11. There is nothing in the rules giving any assistance to the assessee. On the contrary Sub-rule (2) of Rule 66 supports the interpretation that we have placed on the proviso that 'appeal' in it means a memorandum of appeal. The State Government had power to make a rule that a challan showing deposit in the treasury of the admitted tax is the only satisfactory proof that can accompany a memorandum of appeal. Under Rules 65(3) and 66(2) a memorandum of appeal is required to be accompanied by certain documents and it was contended that if those documents are furnished at a later stage the memorandum of appeal would not be rejected but that is because there is no law requiring that an appeal shall not be entertained unless it is accompanied by them. A positive requirement that a certain act shall be done is different from a prohibition on the doing of an act if a certain thing is not done. The proviso that 'no appeal shall be entertained unless it is accompanied by satisfactory proof of the payment' cannot be placed on the same footing as the proviso that 'the memorandum of appeal shall be accompanied by a certified copy.' Rule 67(2) empowers a Judge (Appeals) to return the memorandum of appeal if it is not in order for correction and re-presentation or to allow it to be amended there and then. Consequently the effect of failure to furnish satisfactory proof of the payment simultaneously with a memorandum of appeal cannot be equated with the effect of failure to comply with Rules 65(3) and 66(2).
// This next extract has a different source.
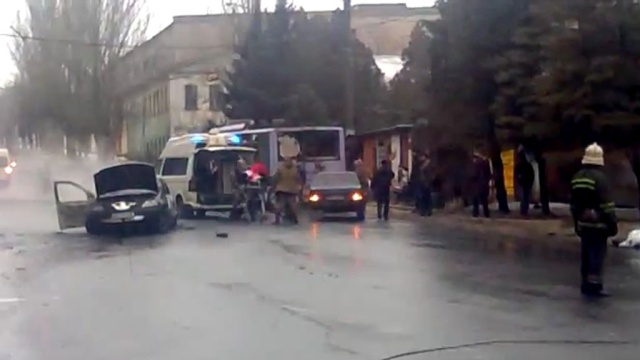 Очевидцы рассказали об обстреле остановки в Донецке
12. What is meant by a memorandum being in order within the meaning of Rule 67(2) is that it complies with all the requirements of law and not merely those contained in Rules 65(3) and 67(1). That it is accompanied by a certified copy of the order appealed from and a challan showing deposit in the treasury of the admitted tax is as much. required to make it in order as other requirements. The Judge (Appeals) would have been bound to admit it only if it had been in order ; as it was not, he could reject it under Sub-rule (3) of Rule 67. The defect in it was not curable because, as we explained earlier, it was impossible for the memorandum of appeal to go in company with satisfactory proof of payment and, therefore, no purpose was to be served by the Judge returning it to the assessee for correction and re-presentation.

We, therefore, answer question No. 1 in the negative.

Question No. 2 does not arise.

13. We direct that copies of this Judgment shall be sent to the Judge (Revisions) Sales Tax and the Commissioner, Sales Tax, U.P., as required by Section 11(6) of the Sales Tax Act under the seal of the Court and the signature of the Registrar. We further direct that the Commissioner, Sales Tax, will get his costs of this reference from the assessee. Counsel's fee is assessed at Rs. 100.